*PROBLEM STATEMENT*.
Give an exact copy of the lines from the beginning of the listing below to the "image for item" line, inclusive.

*THE INPUT*.
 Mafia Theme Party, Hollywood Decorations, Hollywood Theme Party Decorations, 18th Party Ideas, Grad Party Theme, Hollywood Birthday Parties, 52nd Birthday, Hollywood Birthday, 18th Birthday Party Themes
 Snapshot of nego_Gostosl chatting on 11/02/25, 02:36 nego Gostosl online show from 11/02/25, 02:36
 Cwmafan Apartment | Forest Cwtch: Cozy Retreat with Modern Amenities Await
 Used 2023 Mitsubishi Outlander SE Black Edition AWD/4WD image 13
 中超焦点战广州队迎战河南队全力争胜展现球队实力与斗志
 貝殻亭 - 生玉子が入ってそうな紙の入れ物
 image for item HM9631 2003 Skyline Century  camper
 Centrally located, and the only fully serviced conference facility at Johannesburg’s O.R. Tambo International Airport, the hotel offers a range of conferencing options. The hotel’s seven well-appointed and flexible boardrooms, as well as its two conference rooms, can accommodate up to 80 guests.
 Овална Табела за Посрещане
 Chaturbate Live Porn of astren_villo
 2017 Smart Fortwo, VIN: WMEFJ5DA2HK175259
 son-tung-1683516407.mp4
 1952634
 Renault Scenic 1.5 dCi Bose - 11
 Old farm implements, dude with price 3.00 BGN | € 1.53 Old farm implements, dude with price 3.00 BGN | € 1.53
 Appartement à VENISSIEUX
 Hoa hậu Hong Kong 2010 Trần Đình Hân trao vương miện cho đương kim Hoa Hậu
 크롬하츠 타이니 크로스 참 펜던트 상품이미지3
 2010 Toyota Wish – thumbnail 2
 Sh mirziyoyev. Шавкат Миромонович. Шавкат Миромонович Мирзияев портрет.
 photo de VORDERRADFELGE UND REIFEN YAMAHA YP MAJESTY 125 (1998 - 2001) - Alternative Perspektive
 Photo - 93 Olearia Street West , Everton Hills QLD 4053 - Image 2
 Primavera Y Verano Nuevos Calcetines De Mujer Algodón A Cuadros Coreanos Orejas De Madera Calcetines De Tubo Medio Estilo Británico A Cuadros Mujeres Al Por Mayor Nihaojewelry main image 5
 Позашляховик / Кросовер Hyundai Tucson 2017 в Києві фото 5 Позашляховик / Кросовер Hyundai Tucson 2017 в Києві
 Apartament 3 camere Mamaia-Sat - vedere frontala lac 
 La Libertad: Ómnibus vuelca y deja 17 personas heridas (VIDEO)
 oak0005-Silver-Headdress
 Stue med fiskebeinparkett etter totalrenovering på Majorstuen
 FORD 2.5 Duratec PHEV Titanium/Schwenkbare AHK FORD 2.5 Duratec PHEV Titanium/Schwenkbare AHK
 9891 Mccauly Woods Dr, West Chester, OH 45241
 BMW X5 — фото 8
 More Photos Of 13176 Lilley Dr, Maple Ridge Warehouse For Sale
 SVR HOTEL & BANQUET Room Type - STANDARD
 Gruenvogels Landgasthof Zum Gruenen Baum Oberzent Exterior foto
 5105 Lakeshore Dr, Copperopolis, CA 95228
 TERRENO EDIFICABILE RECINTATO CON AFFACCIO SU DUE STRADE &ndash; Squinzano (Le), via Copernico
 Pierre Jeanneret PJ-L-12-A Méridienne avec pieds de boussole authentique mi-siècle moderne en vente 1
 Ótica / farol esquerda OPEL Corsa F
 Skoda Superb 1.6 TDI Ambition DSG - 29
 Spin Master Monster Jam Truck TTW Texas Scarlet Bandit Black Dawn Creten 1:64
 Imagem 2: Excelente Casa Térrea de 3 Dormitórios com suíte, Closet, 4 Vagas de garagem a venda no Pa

*OUTPUT*.
 Mafia Theme Party, Hollywood Decorations, Hollywood Theme Party Decorations, 18th Party Ideas, Grad Party Theme, Hollywood Birthday Parties, 52nd Birthday, Hollywood Birthday, 18th Birthday Party Themes
 Snapshot of nego_Gostosl chatting on 11/02/25, 02:36 nego Gostosl online show from 11/02/25, 02:36
 Cwmafan Apartment | Forest Cwtch: Cozy Retreat with Modern Amenities Await
 Used 2023 Mitsubishi Outlander SE Black Edition AWD/4WD image 13
 中超焦点战广州队迎战河南队全力争胜展现球队实力与斗志
 貝殻亭 - 生玉子が入ってそうな紙の入れ物
 image for item HM9631 2003 Skyline Century  camper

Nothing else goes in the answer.